Keep your lower back naturally arched. Engage your upper torso and your legs, pulling your torso up with the weight. Thrust the hips forward as you lift your torso and stand up with the weight.
Lower the barbell or dumbbells, keeping the muscles engaged. Repeat.
Perfecting the dead lift
A flawless dead lift is the key to all-over body strength. Make sure your core is engaged at all points when performing the deadlift.
Become on-point to dead lifting with these 8 tips for an ultimate dead lift:
- Pay attention to the position of your feet. Your feet should be in a position where you would feel most powerful to make the highest jump possible, upwards into the air.
- Walk under the bar so the bar is halfway across your feet before lifting. The correct position of the bar will minimize the distance your knees must travel towards the floor and the overall stress on the body. Make sure your shoulders are directly over the bar.
- Drive your feet and body weight into the floor. Once you are happy with the position of your feet (they should be facing forwards and not too far apart), push them towards the floor when you lift for maximum performance.
- Move your shoulders and hips at the same time in the same motion. Keep the core tight and make sure, when you lift, your dead lift is one sweeping movement upwards.
- Don’t lose the control on the way back down. Make sure you have equal control when you’re placing the bar back on the floor. It is important not to lift too heavy to ensure you can manage the weight efficiently.
- Keep your chin tucked in. Don’t tilt your head back or lean back with your neck as you lift. Tucking your chin will help you keep form.
- Utilize your armpits. Squeeze your armpits to fire-up your latissimus dorsi, some of the largest muscles in your upper back.
- Thrust your hips forward when you’ve lifted the bar. Stand tall and engage your glutes by squeezing your buttocks. Your glutes are amongst the largest muscles in the body and you should engage them to take most force from exercise. Engaging the glutes can prevent injuries in other areas of the body, particularly for runners who can be sufferers of overuse injuries in smaller leg muscles, tendons and ligaments.
What do dead lifts work out?
A dead lift offers an all-over body strength exercise and can make you a stronger athlete, no matter what your sport.
The movement is also excellent for toning muscles all over the body. The muscles firing up in a deadlift, include:
- Glutes: The dead lift targets the large muscle in your butt and upper leg, the gluteous maximus. Because the gluteous maximus attaches to both your pelvic bone and sacrum (upper leg), and femur (lower leg), injuries to the muscle can restrict hip movement. Just take care that you have full extension in your hip when completing this exercise.
- Hamstrings: Although the hamstrings don’t take the largest amount of force in this exercise. They act as the stabilizing muscles and, as a result, a dead lift does indeed offer them a solid work out.
- Quadriceps: The quadriceps at the primary activator muscle in the dead lift exercise. Take care not to put too much pressure on your knee when overloading the weights. The quadriceps attach to the tibia in the lower leg and, therefore, too much strain on them can lead to issues with knee extension.

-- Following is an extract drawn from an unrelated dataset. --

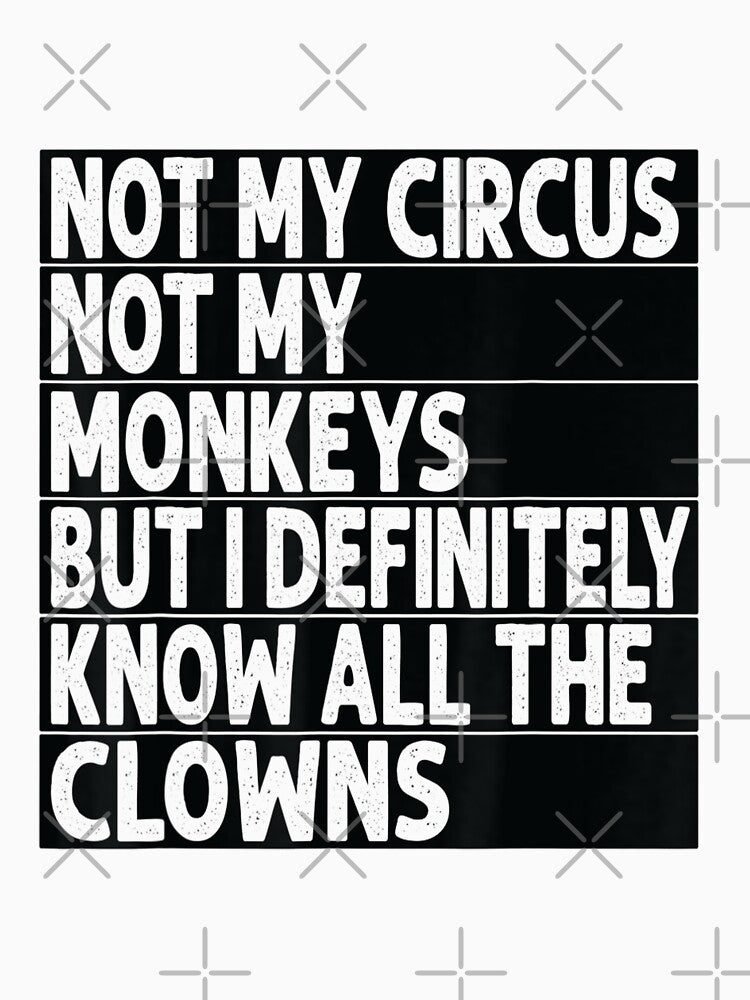 Not My Circus, Not My Monkeys, But I Definitely Know the Clowns by BanBay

- Rhomboids: Your rhomboids, both major and minor, are initiated when performing a deadlift. The rhomboid muscles are working when you are squeezing your shoulder blades at the top of the lift.

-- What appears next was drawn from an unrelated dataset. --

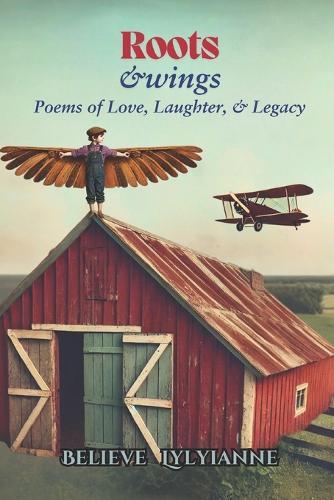 Roots & Wings: A Journey Home In Poetry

- Trapezius: A dead lift forces the whole of the trapezius to contract, pulling the shoulders back.
- Latissimus Dorsi: Squeezing your armpits can really engage the Latissimus Dorsi. An important muscle in sports like swimming and water polo.
- Rear Deltoids: The rear deltoids are small muscles that work in a dead lift to support the upper torso. Because the muscles are small, there is often less focus placed on these muscles, however, a few deadlifts can definitely work towards strengthening these shoulder muscles.
- Erector Spinae: The three muscles that make up the erector spinae, the iliocostalis, the longissimus and the spinalis, are all fired up when practicing a deadlift. The muscles run from the base of the skull to the lower vertebrae of the spine. During the dead lift, the erector spinae help extend the torso and pull the spine back when standing.
When should you do a deadlift?
If you separate your workouts into “back days” or “leg days”, it is fine to incorporate a deadlift into either.
As with any exercise, make sure you stop if it is too strenuous. Equally, if you are racing or competing within a week of strength training, it is generally recommended to avoid heavy lifting.
How many times a week do you dead lift? Can you do dead lifts and squats on the same day?
There are reports that the general advised time for dead lifting, when squatting as well, is 1 full hour once a week. If you are not squatting though, then one full hour 3 times a week is sufficient. That said, it is not a case of one size fits all. Listen to your body.
How many sets of dead lifts should you do?
The number of dead lift reps you do will depend on whether you are body building or powerlifting. Power lifters tend to perform 3-5 hugely heavy reps, while bodybuilders tend to do 8-12 reps.
How can I increase my dead lift?
If you are looking to increase the weight on your dead lift, the following tips can help:
- Check your technique and make sure you are performing the dead lift correctly
- Focus on the task in hand. Relax your mind.
- Make sure your training is well-balanced.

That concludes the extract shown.